I am following "A first course in Discrete Mathematics" by Ian Anderson. It stated the following theorem without providing any proof, which might be because it is too easy. But I am having a tough time to come up with the said proof.

Theorem 1.2 The number of ways of selecting $r$ objects from $n$, in order with no repetition, is $$n(n-1)...(n-r+1)=\frac{n!}{(n-r)!}$$

I first thought of proving this using induction but clearly if it holds for some $r$ it need not hold for $r+1$. I can't seem to think of any method in my arsenal that can tackle this. Any helps will be appreciated.

Answer 1

Induction should do the job.

When $k = 1$, we have $n$ object to choose from and thus there are $n$ choices where $n = \frac{n!}{(n-1)!}$.

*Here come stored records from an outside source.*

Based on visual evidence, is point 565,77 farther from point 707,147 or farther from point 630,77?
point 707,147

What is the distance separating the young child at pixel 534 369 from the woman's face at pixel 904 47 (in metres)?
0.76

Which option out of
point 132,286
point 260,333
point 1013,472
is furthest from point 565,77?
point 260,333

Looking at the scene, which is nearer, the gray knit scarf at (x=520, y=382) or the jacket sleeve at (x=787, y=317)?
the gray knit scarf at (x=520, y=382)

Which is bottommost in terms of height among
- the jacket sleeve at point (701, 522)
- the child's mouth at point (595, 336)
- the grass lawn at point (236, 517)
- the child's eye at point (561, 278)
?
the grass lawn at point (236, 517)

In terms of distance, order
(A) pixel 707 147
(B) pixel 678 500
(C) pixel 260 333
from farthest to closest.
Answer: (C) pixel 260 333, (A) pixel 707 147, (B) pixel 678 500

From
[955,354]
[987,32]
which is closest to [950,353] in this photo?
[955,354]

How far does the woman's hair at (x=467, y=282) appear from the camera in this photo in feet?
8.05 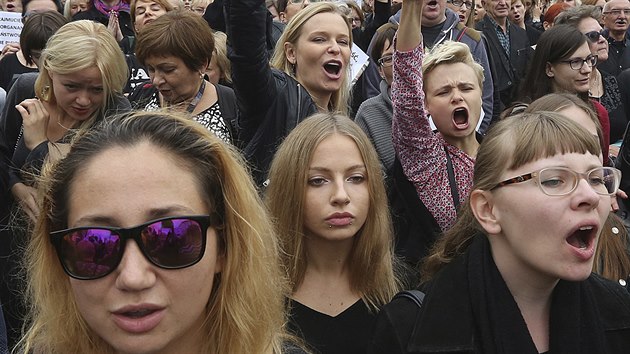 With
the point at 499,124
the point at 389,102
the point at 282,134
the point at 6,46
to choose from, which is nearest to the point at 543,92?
the point at 389,102

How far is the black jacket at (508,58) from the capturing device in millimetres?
7727

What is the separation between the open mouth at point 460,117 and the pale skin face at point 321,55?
0.84m

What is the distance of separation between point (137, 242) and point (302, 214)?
1515 mm

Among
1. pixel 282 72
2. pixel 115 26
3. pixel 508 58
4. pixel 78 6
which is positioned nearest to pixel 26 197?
pixel 282 72

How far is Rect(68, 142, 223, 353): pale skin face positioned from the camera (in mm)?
1840

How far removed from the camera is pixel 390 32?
6.29 m

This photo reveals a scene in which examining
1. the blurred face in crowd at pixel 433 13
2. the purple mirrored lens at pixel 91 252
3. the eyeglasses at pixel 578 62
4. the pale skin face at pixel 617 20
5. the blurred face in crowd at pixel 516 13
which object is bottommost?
the purple mirrored lens at pixel 91 252

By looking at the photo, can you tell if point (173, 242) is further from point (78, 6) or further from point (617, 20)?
point (617, 20)

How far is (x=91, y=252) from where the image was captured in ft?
6.04

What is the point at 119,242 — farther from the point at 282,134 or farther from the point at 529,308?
the point at 282,134

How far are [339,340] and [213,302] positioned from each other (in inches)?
45.8

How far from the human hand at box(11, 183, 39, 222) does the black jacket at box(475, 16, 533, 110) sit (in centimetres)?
412

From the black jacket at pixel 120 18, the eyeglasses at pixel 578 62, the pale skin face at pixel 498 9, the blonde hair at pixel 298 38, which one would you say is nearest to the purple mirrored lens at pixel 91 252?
the blonde hair at pixel 298 38

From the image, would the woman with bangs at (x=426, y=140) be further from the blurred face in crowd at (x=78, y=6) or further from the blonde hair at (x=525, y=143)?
the blurred face in crowd at (x=78, y=6) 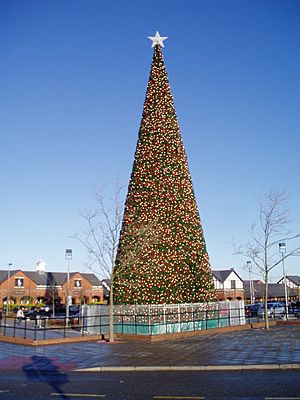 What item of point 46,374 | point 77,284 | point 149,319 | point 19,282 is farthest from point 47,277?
point 46,374

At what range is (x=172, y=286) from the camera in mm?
24094

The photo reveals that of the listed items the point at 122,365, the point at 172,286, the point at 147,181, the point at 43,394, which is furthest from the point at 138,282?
the point at 43,394

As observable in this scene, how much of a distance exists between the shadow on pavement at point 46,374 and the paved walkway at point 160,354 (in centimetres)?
4

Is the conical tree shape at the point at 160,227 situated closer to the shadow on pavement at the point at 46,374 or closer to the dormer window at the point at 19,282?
the shadow on pavement at the point at 46,374

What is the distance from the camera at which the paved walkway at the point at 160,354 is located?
13.5 meters

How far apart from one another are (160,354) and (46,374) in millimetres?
4684

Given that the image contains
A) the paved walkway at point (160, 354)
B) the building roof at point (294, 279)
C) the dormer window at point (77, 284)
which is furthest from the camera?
the building roof at point (294, 279)

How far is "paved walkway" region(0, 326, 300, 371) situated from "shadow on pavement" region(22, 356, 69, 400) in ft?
0.12

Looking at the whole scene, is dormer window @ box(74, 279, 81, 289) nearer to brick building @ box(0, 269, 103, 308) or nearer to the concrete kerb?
brick building @ box(0, 269, 103, 308)

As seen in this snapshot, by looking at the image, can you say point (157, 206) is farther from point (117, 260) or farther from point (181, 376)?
point (181, 376)

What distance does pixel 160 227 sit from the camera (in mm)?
24688

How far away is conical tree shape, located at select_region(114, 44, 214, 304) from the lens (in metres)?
24.0

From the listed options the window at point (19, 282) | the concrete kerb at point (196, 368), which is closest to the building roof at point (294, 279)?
the window at point (19, 282)

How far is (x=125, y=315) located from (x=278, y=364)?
11.7 metres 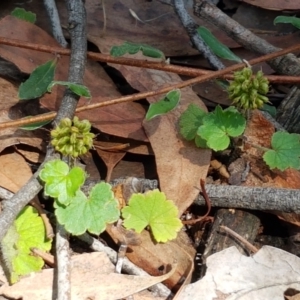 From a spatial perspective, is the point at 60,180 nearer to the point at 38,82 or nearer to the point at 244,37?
the point at 38,82

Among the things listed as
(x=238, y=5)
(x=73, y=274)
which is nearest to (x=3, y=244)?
(x=73, y=274)

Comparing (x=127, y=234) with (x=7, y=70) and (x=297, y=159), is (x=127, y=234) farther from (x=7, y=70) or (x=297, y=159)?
(x=7, y=70)

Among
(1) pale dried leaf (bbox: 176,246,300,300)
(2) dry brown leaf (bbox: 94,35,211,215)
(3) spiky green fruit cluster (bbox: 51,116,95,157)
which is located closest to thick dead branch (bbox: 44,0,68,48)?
(2) dry brown leaf (bbox: 94,35,211,215)

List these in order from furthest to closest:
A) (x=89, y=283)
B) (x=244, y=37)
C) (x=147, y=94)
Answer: (x=244, y=37) < (x=147, y=94) < (x=89, y=283)

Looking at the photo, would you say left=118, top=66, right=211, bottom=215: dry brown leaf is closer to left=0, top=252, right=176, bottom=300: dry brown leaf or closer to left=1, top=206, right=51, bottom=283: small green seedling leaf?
left=0, top=252, right=176, bottom=300: dry brown leaf

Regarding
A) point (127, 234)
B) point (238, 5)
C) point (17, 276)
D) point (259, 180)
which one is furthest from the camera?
point (238, 5)

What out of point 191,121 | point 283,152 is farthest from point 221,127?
point 283,152
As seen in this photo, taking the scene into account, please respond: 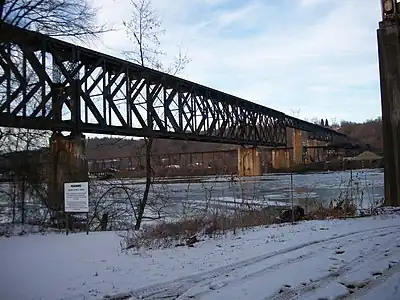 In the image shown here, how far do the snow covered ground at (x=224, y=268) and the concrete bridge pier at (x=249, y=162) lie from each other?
7791 cm

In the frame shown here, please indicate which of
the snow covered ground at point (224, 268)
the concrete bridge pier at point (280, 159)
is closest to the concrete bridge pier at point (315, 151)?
the concrete bridge pier at point (280, 159)

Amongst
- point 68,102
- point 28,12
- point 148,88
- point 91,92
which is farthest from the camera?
point 148,88

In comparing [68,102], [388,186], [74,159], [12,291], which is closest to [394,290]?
[12,291]

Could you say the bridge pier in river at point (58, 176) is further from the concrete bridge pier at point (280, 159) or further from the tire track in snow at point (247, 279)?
the concrete bridge pier at point (280, 159)

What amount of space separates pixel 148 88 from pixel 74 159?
596 inches

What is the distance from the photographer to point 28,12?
11.7 metres

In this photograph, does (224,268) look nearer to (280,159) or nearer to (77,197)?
(77,197)

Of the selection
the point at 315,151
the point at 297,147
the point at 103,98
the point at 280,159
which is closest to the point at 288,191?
the point at 103,98

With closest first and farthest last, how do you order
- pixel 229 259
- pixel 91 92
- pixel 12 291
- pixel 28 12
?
pixel 12 291 < pixel 229 259 < pixel 28 12 < pixel 91 92

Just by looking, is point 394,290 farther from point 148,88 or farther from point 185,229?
point 148,88

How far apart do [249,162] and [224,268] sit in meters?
82.9

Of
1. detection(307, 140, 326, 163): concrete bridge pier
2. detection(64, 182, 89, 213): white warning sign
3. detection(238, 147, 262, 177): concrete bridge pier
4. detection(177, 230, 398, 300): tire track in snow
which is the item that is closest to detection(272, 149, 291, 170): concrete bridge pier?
detection(307, 140, 326, 163): concrete bridge pier

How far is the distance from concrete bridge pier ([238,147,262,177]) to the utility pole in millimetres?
70275

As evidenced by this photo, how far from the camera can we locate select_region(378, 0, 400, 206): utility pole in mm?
19656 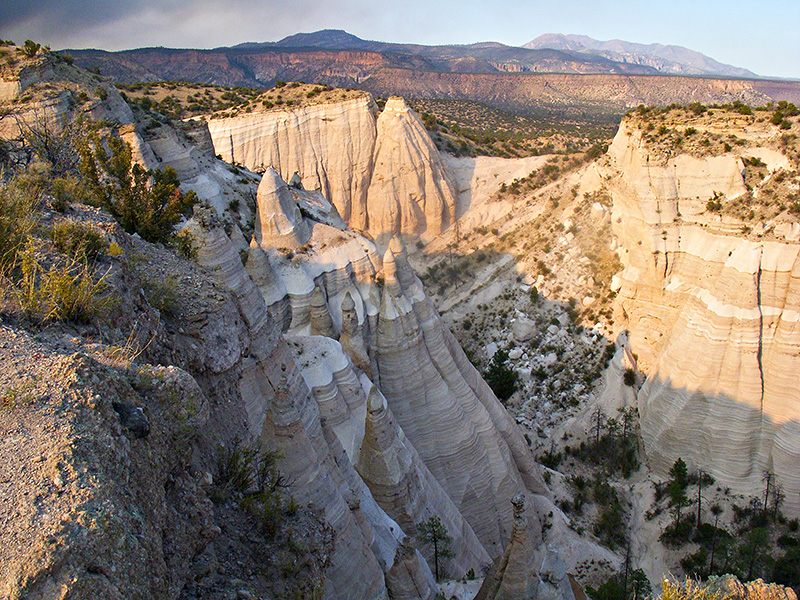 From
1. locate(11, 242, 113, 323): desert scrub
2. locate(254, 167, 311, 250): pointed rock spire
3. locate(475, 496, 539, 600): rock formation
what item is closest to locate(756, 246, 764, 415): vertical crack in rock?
locate(475, 496, 539, 600): rock formation

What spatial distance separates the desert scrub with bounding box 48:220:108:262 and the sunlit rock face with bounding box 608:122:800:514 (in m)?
19.7

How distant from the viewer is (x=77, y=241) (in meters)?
5.41

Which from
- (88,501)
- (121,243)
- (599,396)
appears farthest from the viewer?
(599,396)

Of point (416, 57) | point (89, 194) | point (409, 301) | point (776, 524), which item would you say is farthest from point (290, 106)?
point (416, 57)

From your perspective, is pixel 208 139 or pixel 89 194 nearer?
pixel 89 194

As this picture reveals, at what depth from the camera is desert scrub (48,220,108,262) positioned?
5297 millimetres

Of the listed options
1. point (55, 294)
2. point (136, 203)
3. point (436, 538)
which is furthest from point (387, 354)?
point (55, 294)

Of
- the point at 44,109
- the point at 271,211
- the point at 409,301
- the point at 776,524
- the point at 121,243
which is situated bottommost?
the point at 776,524

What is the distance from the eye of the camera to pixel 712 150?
20.9m

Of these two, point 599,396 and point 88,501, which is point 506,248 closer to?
point 599,396

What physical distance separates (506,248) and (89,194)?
2944cm

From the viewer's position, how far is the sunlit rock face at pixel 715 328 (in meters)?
17.9

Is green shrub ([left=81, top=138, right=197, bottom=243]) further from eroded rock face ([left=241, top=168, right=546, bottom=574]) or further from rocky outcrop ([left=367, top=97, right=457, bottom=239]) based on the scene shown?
rocky outcrop ([left=367, top=97, right=457, bottom=239])

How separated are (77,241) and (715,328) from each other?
1996 centimetres
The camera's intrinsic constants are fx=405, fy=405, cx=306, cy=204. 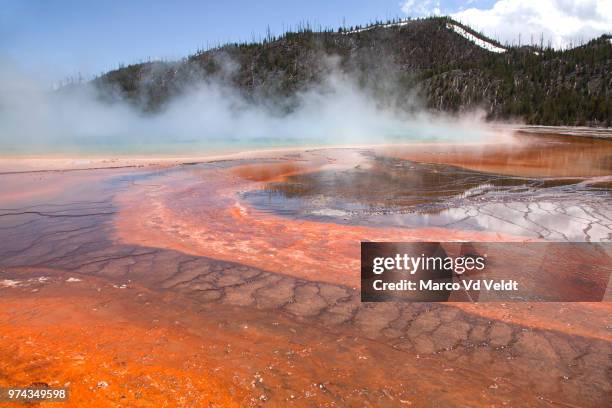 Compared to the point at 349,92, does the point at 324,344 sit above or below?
below

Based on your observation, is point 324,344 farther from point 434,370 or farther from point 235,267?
point 235,267

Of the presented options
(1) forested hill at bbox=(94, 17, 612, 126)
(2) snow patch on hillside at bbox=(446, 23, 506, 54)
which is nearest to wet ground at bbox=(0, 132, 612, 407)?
(1) forested hill at bbox=(94, 17, 612, 126)

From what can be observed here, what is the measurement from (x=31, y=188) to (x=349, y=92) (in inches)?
2582

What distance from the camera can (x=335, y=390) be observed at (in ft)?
9.70

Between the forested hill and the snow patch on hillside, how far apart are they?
340mm

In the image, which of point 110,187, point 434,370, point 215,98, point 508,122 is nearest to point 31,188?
point 110,187

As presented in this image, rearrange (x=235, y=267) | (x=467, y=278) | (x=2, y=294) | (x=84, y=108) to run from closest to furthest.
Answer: (x=2, y=294) < (x=467, y=278) < (x=235, y=267) < (x=84, y=108)

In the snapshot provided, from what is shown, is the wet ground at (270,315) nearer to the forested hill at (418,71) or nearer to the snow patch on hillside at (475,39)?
the forested hill at (418,71)

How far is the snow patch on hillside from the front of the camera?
87.2 metres

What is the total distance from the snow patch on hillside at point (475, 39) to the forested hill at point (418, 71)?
0.34 metres

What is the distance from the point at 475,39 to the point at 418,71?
24680 mm

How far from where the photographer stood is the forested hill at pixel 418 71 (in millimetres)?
48391

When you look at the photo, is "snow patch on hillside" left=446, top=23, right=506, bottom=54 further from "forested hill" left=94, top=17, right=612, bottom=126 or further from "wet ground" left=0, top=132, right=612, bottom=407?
"wet ground" left=0, top=132, right=612, bottom=407

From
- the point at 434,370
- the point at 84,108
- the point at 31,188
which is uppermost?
the point at 84,108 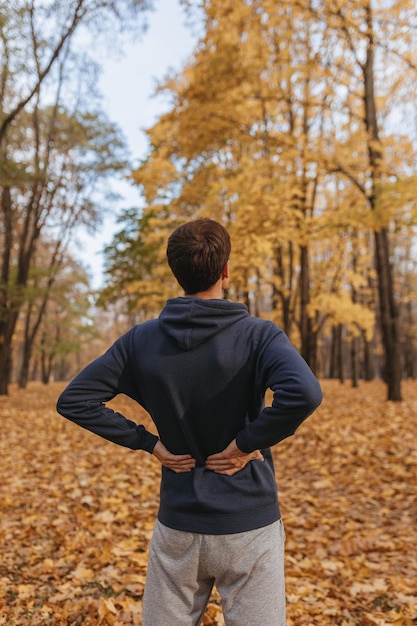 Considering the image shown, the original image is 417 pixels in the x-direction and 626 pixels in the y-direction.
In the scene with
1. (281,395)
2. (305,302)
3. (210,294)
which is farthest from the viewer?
(305,302)

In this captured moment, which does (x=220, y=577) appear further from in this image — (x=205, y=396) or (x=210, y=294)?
(x=210, y=294)

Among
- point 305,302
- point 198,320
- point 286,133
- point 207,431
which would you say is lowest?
point 207,431

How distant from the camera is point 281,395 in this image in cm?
143

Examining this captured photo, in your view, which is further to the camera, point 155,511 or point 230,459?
point 155,511

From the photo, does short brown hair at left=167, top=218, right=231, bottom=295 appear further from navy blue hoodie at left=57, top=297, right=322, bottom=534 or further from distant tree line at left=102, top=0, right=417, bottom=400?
distant tree line at left=102, top=0, right=417, bottom=400

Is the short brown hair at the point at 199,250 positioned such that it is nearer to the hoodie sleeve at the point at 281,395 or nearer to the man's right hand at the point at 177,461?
the hoodie sleeve at the point at 281,395

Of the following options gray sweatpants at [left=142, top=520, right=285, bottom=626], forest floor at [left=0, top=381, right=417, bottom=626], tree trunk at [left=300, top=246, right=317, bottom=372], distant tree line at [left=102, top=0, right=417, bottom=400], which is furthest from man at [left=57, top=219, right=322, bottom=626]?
tree trunk at [left=300, top=246, right=317, bottom=372]

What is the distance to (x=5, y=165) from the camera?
10820 mm

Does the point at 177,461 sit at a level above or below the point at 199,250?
below

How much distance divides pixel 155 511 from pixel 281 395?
15.4ft

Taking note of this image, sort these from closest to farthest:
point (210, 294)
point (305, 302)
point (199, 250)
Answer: point (199, 250)
point (210, 294)
point (305, 302)

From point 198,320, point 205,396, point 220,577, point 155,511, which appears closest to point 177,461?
point 205,396

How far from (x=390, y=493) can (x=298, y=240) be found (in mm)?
6123

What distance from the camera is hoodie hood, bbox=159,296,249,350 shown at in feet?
5.20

Now assume the statement holds for $k = r-1$, i.e. to choose $r-1$ objects from $n$ in order with no repetition, there are $\frac{n!}{(n-(r-1))!}$ ways.

When $k = r$, aside from the previous ways from the last step, we have to choose $1$ more object from the remaining $n - (r-1) = n-r+1$ items, notice that all $\frac{n!}{(n-(r-1))!}$ ways for selecting $r-1$ objects are all independent of each other, thus selecting $1$ more and append it to the list will add a new way to selecting $r$ items.

Therefore selecting $r$ objects from $n$ objects in order with no repetition has $(n-r+1)\frac{n!}{(n-(r-1))!} = \frac{n!}{(n-r)!}$ ways.